A large cache of artifacts found in a cave on the shores of the Great Salt Lake in Utah, including hundreds of animal-skin moccasins, raise new questions regarding the little-known ancient culture that inhabited the region.
In a new paper published in the American Journal of Physical Anthropology, Dr Jack Ives of the University of Alberta and his colleagues report on their findings from excavations carried out since 2010. Although the cave was first excavated in the 1930s, the significance of the initial discoveries was largely forgotten until recently, and new investigations have turned up “exceedingly abundant” deposits of artifacts, according to a report in Western Digs.
The Promontory Caves are located on Promontory point, along the Great Salt Lake in Utah. They were first excavated in 1930 and 1931 by Julian Steward from the University of Utah. Promontory sites are most often identified by the presence of a distinctive grayware ceramic tradition. The caves contain thousands of artifacts reflecting human occupation that suddenly appeared about 850 years ago, with the most intense period of the cave’s use ranging from 1250 to 1290 AD.

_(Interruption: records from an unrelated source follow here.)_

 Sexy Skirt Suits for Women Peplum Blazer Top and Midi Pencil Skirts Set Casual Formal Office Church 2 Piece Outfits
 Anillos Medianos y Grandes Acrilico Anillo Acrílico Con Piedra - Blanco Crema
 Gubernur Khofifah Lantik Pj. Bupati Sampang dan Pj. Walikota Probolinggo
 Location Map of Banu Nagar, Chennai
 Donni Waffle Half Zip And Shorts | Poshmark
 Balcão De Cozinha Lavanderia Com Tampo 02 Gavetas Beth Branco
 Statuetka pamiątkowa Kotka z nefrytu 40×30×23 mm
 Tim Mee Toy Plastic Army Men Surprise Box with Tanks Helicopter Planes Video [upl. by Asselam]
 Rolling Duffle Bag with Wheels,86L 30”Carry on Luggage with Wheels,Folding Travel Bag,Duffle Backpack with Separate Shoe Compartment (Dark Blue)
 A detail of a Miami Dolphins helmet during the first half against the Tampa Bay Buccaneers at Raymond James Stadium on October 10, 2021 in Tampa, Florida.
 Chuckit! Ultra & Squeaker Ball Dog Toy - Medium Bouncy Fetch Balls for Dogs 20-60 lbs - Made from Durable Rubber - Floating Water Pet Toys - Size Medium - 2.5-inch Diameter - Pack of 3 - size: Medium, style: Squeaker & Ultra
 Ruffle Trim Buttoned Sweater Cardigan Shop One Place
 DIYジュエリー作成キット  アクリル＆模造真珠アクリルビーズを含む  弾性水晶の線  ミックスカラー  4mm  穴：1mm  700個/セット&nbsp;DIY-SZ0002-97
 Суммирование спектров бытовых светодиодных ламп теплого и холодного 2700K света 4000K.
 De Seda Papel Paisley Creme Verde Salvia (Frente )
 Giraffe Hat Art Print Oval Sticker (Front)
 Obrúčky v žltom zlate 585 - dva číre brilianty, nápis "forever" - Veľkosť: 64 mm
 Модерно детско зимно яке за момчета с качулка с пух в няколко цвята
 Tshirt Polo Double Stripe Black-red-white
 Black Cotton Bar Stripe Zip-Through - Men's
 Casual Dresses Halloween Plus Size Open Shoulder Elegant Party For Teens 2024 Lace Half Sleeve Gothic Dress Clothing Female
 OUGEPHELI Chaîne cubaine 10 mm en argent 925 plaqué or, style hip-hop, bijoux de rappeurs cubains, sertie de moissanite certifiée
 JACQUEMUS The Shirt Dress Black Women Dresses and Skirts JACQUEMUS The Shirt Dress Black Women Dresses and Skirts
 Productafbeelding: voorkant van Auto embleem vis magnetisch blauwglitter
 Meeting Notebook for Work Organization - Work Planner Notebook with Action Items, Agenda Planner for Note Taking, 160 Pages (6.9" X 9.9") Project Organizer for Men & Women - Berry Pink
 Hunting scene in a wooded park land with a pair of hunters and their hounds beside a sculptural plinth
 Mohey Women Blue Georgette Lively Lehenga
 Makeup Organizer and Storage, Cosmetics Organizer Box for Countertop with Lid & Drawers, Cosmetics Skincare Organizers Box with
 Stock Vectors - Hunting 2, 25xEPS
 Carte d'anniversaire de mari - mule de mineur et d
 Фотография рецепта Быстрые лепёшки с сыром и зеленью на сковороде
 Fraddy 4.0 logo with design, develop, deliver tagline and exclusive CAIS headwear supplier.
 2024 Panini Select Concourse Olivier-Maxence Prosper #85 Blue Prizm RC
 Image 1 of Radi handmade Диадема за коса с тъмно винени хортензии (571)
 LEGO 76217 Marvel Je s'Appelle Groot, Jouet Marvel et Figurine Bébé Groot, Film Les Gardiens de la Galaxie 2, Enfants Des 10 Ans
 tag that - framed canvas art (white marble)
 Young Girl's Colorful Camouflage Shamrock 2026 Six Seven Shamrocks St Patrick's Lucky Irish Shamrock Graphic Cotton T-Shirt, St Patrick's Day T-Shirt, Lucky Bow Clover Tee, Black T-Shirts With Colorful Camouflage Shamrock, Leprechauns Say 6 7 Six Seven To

Recovered artifacts from the Promontory Caves include mittens, drum tops, bags, stone tools, ceramics, and baskets, among many others items. But it was the sheer number of animal-skin shoes found in the caves that captured the attention of archaeologists.
“Ranging from a small child’s size to an adult’s, the moccasins represent one of the largest and most diverse collection of objects made of leather in the Intermountain West,” wrote the University of Utah. “More than one-half of the moccasins have repair patches where the leather has worn through on the soles, and over 50 of them have shredded juniper bark insoles that still reflect the imprint of the foot. Some are fringed, others bear remnants of quillwork decoration.”
The research team analyzed a total of 207 pieces of footwear, both in the 1930s and the 2010s, and were able to determine that over 82 percent of the shoes were worn by children of ages 12 and under. While this is unlikely to reflect the exact demographics of the Promontory community, as many of the shoes were likely ‘cast offs’, Ives explained that they do provide valuable insights into its general proportions, in which children and adolescents were clearly a big part of the population. Ives suggests that such demographics are indicative of a thriving and growing population.
This is somewhat unexpected, as previous research has indicated that during the same period, other cultures in North America’s interior, such as the Ancestral Puebloans, were forced to relocate due to climatic changes and a shifting social landscape.
Ives suggests that this is because the Promontory culture were new arrivals, who had migrated from the far north and were very successful at assimilating and intermixing with Native American groups already living in the southwest.
The discovery of the moccasins supports this hypothesis. The soles of the shoes were made from a single piece of bison leather, lined with fur, and sewn together at the heel. This matches the exact style typical of the Canadian Subarctic, Ives said.
“This period of flourishing amid otherwise hard times may have been a pivotal chapter in what Ives calls the “immense human story” of migration from the Canadian Subarctic, one that resulted in the culturally diverse Southwest that we know today,” reports Western Digs, and eventually gave rise to cultures that include the Apache and the Navajo.